Alfred Jarry illustriert die ’Pataphysik in dem Roman Taten und Meinungen des Pataphysikers Doktor Faustroll (Gestes et opinions du docteur Faustroll, erschienen in Folgen an verschiedenen Orten 1898-1903, vollständig erst 1911). ’Pataphysik ist die Wissenschaft des Partikulären, also des Einzelfalls, im Gegensatz zu Aristoteles wirkungsreicher Definition, dass Wissenschaft sich immer nur mit dem Allgemeinen beschäftigen könne.
- „Ein Epiphänomen ist das, was zu einem Phänomen hinzukommt.

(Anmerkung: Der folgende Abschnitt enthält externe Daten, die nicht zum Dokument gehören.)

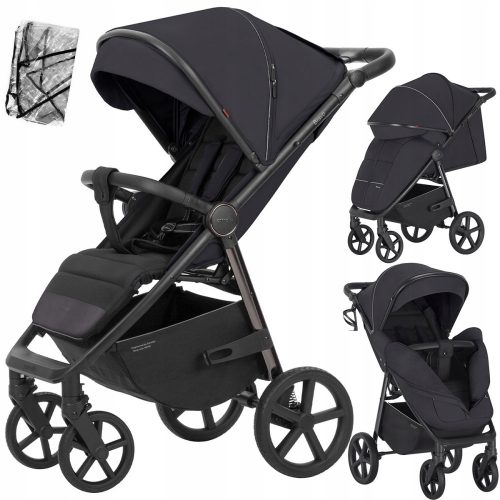  Carucior pentru copii Bravo 2023 CRL-5515 Jet Black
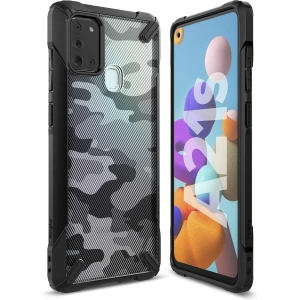 Kup Etui Ringke Fusion-X Samsung Galaxy A21s Camo (Moro) Black - RGK1213MOB - {ean13} - Sklep Home Screen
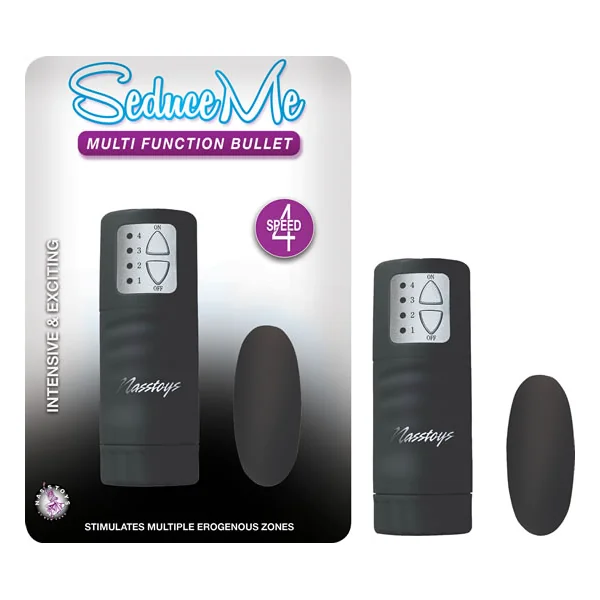 (WD) SEDUCE ME MULTI FUNCTION BULLET BLACK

Die Pataphysik, deren Etymologie mit epi (meta ta physika) zu schreiben ist, ist die Wissenschaft von dem, was zur Metaphysik hinzukommt - sei es innerhalb, sei es außerhalb ihrer selbst - und die sich ebenso weit jenseits dieser ausdehnt wie diese jenseits der Physik (...) Sie soll die Gesetze untersuchen, die diesen Ausnahmen unterliegen, und will das zu dem existierenden zusätzlich vorhandene Universum deuten.“ (Alfred Jarry, Doktor Faustroll)
Die ’Pataphysik präsentiert sich in Form einer Wissenschaft, Philosophie oder esoterischen Lehre, wo sie unter umgekehrten Vorzeichen ein Paralleluniversum erfindet, das an die Stelle der bekannten Welt treten könnte. Gefragt sind auch unsinnige wissenschaftliche Untersuchungen; so soll beispielsweise eine Berechnung der Oberfläche Gottes unternommen werden.
Eine weitere Beschreibung der Ausgangsposition dieses Ansatzes lautet:
- „Die Pataphysik steht zur Metaphysik so wie die Metaphysik zur Physik.“
[Bearbeiten] Wirkung
Die berühmteste 'pataphysische Vereinigung ist das Collège de 'Pataphysique. Es wurde im Jahr 1948 zu Jarrys Ehren gegründet. Zahlreiche bekannte Künstler, Schriftsteller und Filmemacher gehören zu den Mitgliedern.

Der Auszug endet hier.